Westerbork fungeerde vanaf oktober 1939 als een vluchtelingenkamp voor Duits-Joodse vluchtelingen die, vooral na de Kristallnacht, naar Nederland waren gekomen.[1] Na de capitulatie in mei 1940 bleef de leiding van het kamp vooralsnog in Nederlandse handen, maar werd het regime strenger.[2]
Op 1 juli 1942 werd het kamp officieel overgedragen aan de Duitse autoriteiten. Westerbork heette nu officieel Polizeiliches Judendurchgangslager onder het gezag van de Befehlhaber der Sicherheitspolizei und Sicherheitsdienst (BdS) en het Reichssicherheitshauptamt (rsha). Het kamp maakte vanaf die datum deel uit van het uitgebreide systeem van Duitse concentratiekampen en functioneerde als belangrijk doorgangspunt voor de systematische moord op de Joden uit Nederland.[3]
Vanaf 15 juli 1942 werden ruim 100.000 Joden vanuit het kamp doorgestuurd naar concentratie- en/of vernietigingskampen: Auschwitz-Birkenau, Sobibor, Bergen-Belsen en Theresienstadt. Soms werd onderweg gestopt om mannen bij Duitse werkkampen af te geven. In Westerbork werden naast Joden ook Roma, Sinti en soms verzetsmensen vastgehouden.
Aan het hoofd van Westerbork stond vanaf 13 oktober 1942 kampcommandant ss-Obersturmführer Albert Konrad Gemmeker (1907-1982). In maart 1944 werd in opdracht van Gemmeker een film gemaakt over het kamp, waarin hij wilde laten zien hoe goed en efficiënt het kamp georganiseerd was.[4] Deze film laat een duidelijk propagandistisch beeld zien van het functioneren van doorgangskamp Westerbork.
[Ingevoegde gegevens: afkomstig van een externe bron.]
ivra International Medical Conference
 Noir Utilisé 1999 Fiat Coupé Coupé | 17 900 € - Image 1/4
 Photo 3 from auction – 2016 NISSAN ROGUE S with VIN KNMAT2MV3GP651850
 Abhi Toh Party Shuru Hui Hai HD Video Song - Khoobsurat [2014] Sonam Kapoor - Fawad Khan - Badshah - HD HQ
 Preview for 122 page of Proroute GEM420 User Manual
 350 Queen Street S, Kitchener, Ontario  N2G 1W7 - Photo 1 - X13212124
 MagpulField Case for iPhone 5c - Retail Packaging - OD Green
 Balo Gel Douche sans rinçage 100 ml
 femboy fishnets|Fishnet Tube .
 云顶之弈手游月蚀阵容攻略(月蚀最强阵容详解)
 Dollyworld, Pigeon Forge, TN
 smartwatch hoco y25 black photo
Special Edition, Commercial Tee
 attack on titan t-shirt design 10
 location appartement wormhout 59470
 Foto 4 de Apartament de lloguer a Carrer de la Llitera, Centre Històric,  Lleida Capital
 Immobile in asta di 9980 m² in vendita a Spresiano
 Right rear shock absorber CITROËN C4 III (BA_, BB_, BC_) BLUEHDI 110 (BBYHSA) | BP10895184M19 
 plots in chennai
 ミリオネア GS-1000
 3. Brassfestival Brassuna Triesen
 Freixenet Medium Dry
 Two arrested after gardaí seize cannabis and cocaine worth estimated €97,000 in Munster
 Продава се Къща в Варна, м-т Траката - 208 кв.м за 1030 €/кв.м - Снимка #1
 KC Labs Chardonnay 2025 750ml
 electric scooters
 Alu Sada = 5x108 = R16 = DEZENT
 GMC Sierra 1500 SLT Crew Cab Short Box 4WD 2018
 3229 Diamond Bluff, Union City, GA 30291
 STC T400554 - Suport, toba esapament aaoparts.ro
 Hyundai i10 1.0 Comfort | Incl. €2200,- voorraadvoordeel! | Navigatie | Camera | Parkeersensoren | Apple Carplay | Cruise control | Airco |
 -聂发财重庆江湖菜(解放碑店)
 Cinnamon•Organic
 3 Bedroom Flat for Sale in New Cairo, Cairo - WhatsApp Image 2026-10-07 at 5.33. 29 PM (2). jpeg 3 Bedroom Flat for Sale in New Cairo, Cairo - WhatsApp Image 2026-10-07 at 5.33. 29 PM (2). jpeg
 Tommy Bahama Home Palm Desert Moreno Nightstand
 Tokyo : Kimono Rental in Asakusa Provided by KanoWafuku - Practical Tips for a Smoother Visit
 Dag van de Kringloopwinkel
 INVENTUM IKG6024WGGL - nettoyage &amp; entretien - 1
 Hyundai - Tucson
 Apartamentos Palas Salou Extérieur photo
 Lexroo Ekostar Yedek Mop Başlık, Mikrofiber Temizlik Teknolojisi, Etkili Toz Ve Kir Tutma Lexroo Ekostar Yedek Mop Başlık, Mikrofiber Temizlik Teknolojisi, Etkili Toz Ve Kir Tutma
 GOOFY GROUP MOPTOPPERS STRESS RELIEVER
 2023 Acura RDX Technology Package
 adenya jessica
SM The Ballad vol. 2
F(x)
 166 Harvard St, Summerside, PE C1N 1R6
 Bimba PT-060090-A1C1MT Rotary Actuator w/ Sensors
Vijf maanden na de opnames van de film kwamen ook de acht onderduikers uit het Achterhuis in Westerbork terecht.[5]
Het laatste transport uit Westerbork was op 4 september 1944. De achtergebleven gevangenen zaten gevangen tot de bevrijding van het kamp op 12 april 1945.
Noten
- ^ Zie de website van Herinneringscentrum Kamp Westerbork.
- ^ Bas von Benda-Beckmann, Na het Achterhuis. Anne Frank en de andere onderduikers in de kampen, Amsterdam: Querido, 2020, p. 69.
- ^ Von Benda-Beckmann, Na het Achterhuis, p. 59; Frank van Riet, De bewakers van Westerbork, Amsterdam: Boom, 2016, p.27-62; Jacques Presser, Ondergang. De vervolging en verdelging van het Nederlandse Jodendom, 1940-1945, ’s-Gravenhage: Aspekt, 1965, deel II, p. 295-296.
- ^ De film werd gemaakt door kampgevangene Rudolf Breslauer (1903-1945). De opnamen begonnen op 5 maart 1944. De film wordt bewaard in het archief van Beeld en Geluid.
- ^ Von Benda-Beckmann, Na het Achterhuis, p. 73.